The present study is the first national survey that assessed the extent of rehabilitation services provided to the elderly in Israel. By including all 26 acute care hospitals in Israel, it provides a representative national overview. The usage of different resources increased the validity and completeness of the collected data. We are aware that there was a great variability in the quality of discharge letters from different hospitals, resulting in some lack of information on the functional status of the patient before the event and at discharge. Decisions with regard to rehabilitation therapy were not always well documented in the discharge letters so we could not always distinguish between patients who were assessed clinically to be not fit for rehabilitation versus patients who did not receive rehabilitation for other reasons. This limitation was valid for all districts and therefore could not explain the regional gaps that were documented in our study. The use of proxy respondents of different relatedness to the patient could theoretically impair the validity of the data. But as the respondents were closely involved with the patient care we believe the validity was quite high as demonstrated by the good correlation with the health-provider’s data.
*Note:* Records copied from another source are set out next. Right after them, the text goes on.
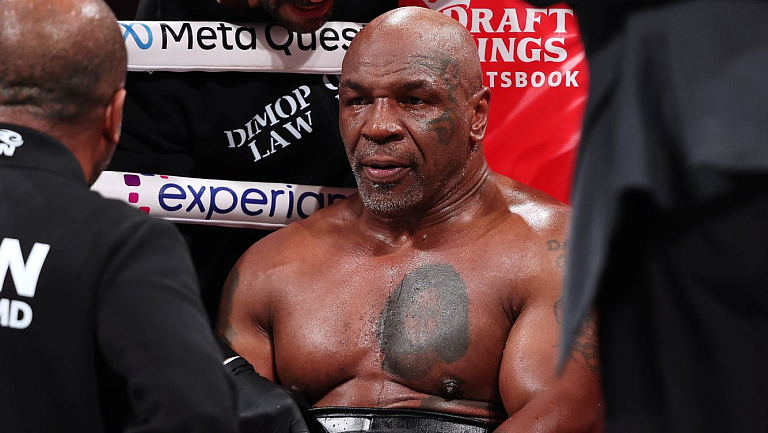 Майк Тайсон объяснил, почему проиграл блогеру Джейку Полу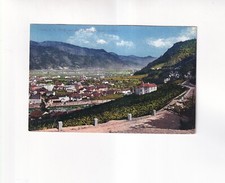 8365) LANA à l'ETSCH avec Ultner Straße Tyrol du Sud - 1913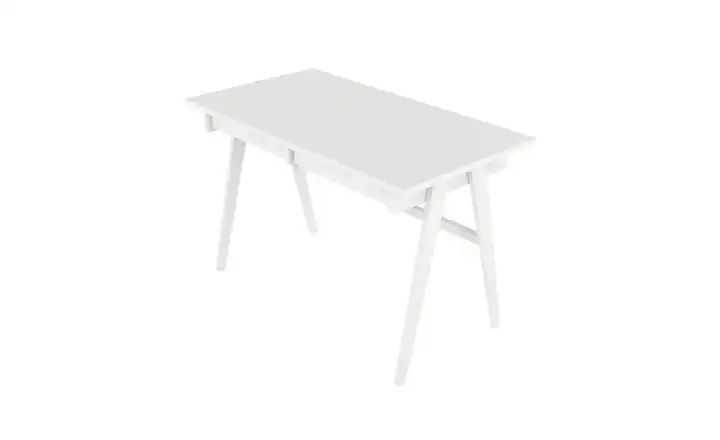 Schreibtisch Polarweiß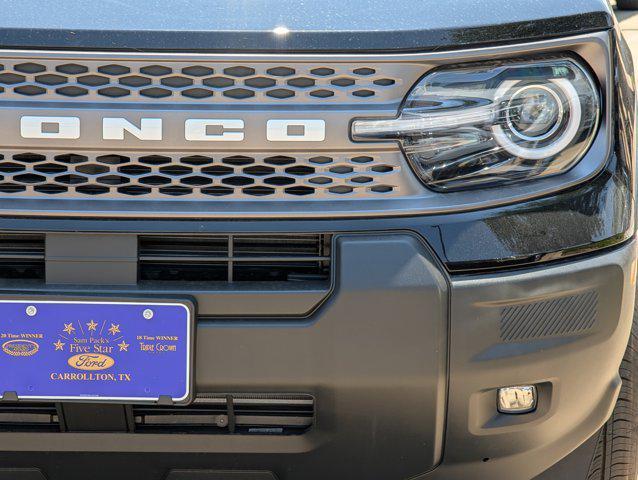 new 2025 Ford Bronco Sport car, priced at $30,779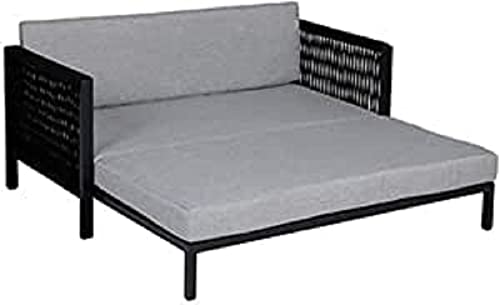 greemotion PET Hundesofa aus Aluminium mit Ropes, ca. 100 x 40 x 117 cm, anthrazit/grau greemotion PET Hundesofa aus Aluminium mit Ropes, ca. 100 x 40 x 117 cm, anthrazit/grau von Greemotion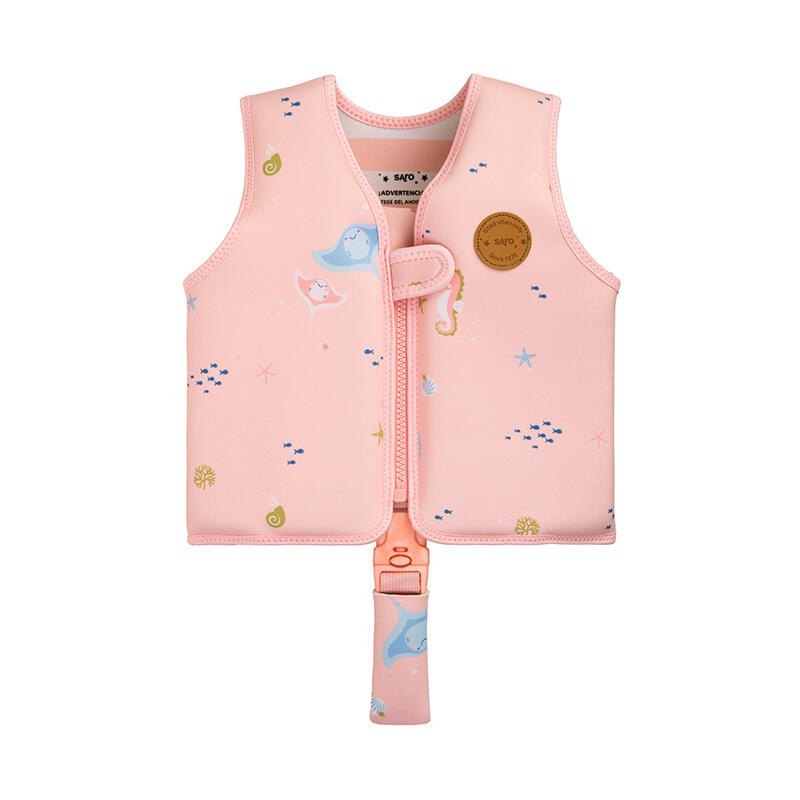 Chaleco Flotador de Aprendizaje Talla S 1-3 años Colección Seahorse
On the national level, policy makers in the Ministry of Health should initiate appropriate planning of rehabilitation services based on the current and future needs of the growing population. Such planning should consider the growth and aging of the population in each district over the next 10 years, the incidence of medical conditions that require rehabilitation and the estimated mean number of inpatient rehabilitation days per event. If the planned reform to integrate nursing services with primary care services goes through, this may encourage the Health Maintenance Organizations to provide rehabilitation services. In addition, there should be ongoing supervision of the implementation of the guidelines set by the Ministry of Health.
In conclusion, distinct regional differences were found in the provision of rehabilitation care after an acute episode of stroke or hip fracture, and these differences seemed to be related to the availability of rehabilitation beds. An ongoing follow-up survey will examine whether this trend continues and attempt to better characterize its causes.